Across Great Britain there were fewer applicants looking to rent in June compared with the same period last year, while the number of homes available to rent fell 10% year-on-year. As a result, there were 6.3 tenants looking for every home available to rent.
And in the North West, the region recording the strongest rental growth last month, demand heavily outweighed supply. Stock levels in the region fell 26% year-on-year while the number of people looking to rent increased 6%. As a result, there were 12.1 applicants looking for every property available to rent, the highest ratio in the country, and up from 8.4 in June last year.
Commenting Aneisha Beveridge, Head of Research at Hamptons International, said:
“Activity in the rental market has returned to pre-lockdown times, with the number of new tenancies agreed last month rising to February levels. Last month’s data gives us a first look at how rents on newly let properties have been affected by the economic damage so far, and it’s clear that there are regional differences.
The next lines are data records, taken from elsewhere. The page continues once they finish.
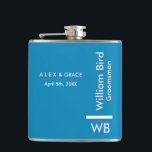Petaca Máscara de cadera Groomsman personalizada de monog<br><div class="desc">Este diseño personalizado de Groomsman presenta un diseño minimalista de tonos azules de confianza. ¡Puede personalizar el nombre,  el título y el novio o agregar el mensaje de su personalizado! Muestra a tu Groomsman cuánto amas y aprecias su participación.</div>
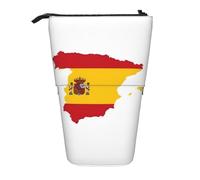 Stand Pencil Case Spanish Flag Map Print Standing Pencils Pouch Portablem Telescopic Pencil Bag Multifunctional Pen Holder for School Office Unisex Office Supplies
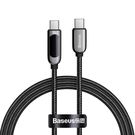Baseus USB Type C - USB Type C cable 100 W (20 V / 5 A) 1 m Power Delivery with display screen power meter black (CATSK-B01), Baseus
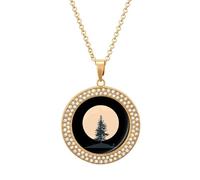 Retro Full Moon & Pine Tree Personalized Picture Pendant Necklace Customized Memorial Jewelry for Women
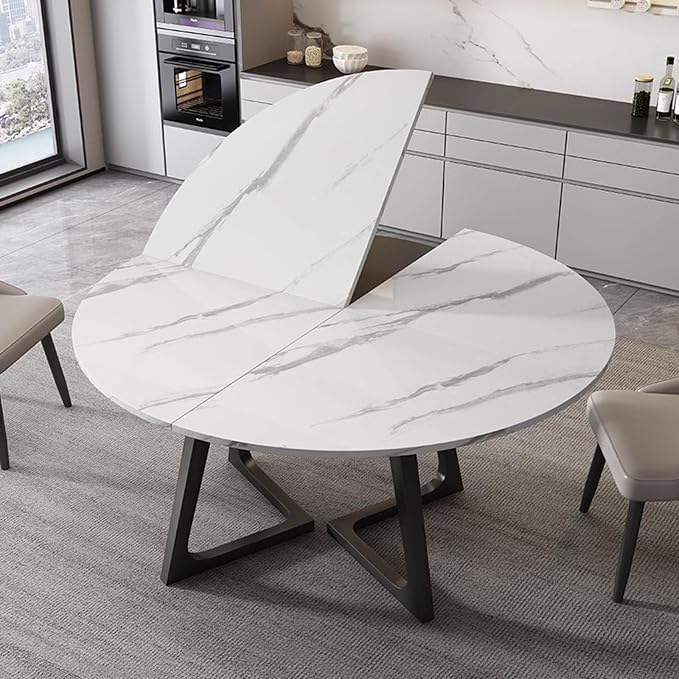 Large Round Folding Table Top, 4-Folding Wood Table top, Temporary Replacement Inoor Outdoor Tops for Dining and Coffee(Marble White, D-140cm/55.1in)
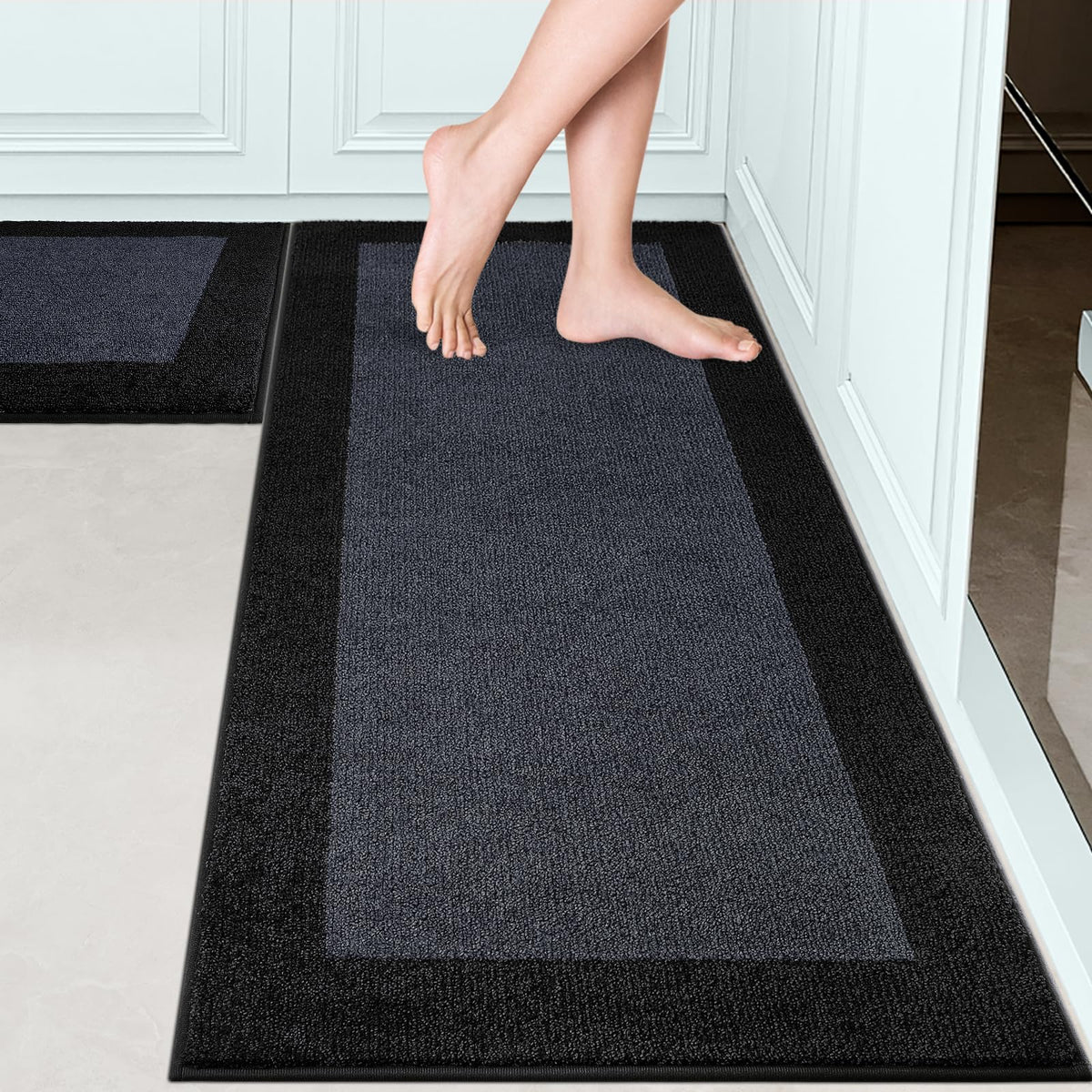 DOMUSTEX main shot of machine washable kitchen rugs showing a clean, durable surface.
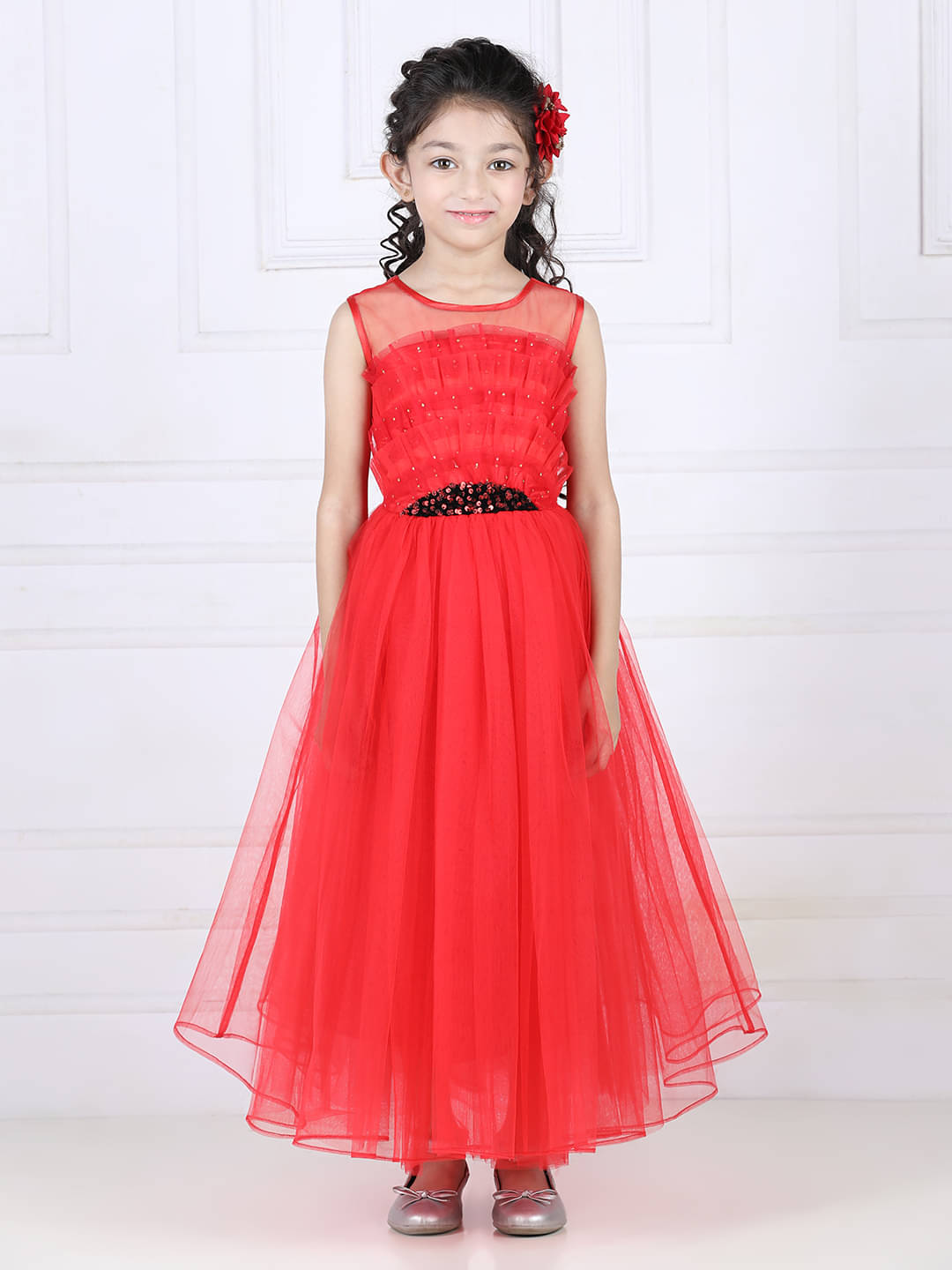 Toy Balloon Kids Net Fit And Flare Dress For Girls ( Pack of 1 , Red ) Toy Balloon Kids Net Fit And Flare Dress For Girls ( Pack of 1 , Red )
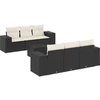 Image de vidaXL Ensemble de salon de jardin 7 pièces avec coussins noir poly rotin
“In June rents fell in three out of the eleven regions in Great Britain, with London recording the deepest decline. Rising stock levels in the capital, particularly in Inner London, combined with falling demand from new applicants caused the record falls. The effect of lockdown has resulted in fewer international tenants, particularly students, as well as an increase in the number of London tenants leaving the capital.
“However the flexibility renting offers has boosted demand in the Midlands and North. Rents in the three combined Northern regions rose 3.0% in June, six times the rate recorded in the same period last year.
“While the stamp duty changes announced last week are most likely to benefit landlords looking to buy in London and the South, higher yields will continue to entice investors further North. Any additional increase in rental stock in London could put more downward pressure on rents. But longer-term, the prospects for rental growth in the capital will depend on whether the short-term increase in supply remains, and most importantly, what the lasting economic damage means for rental affordability.”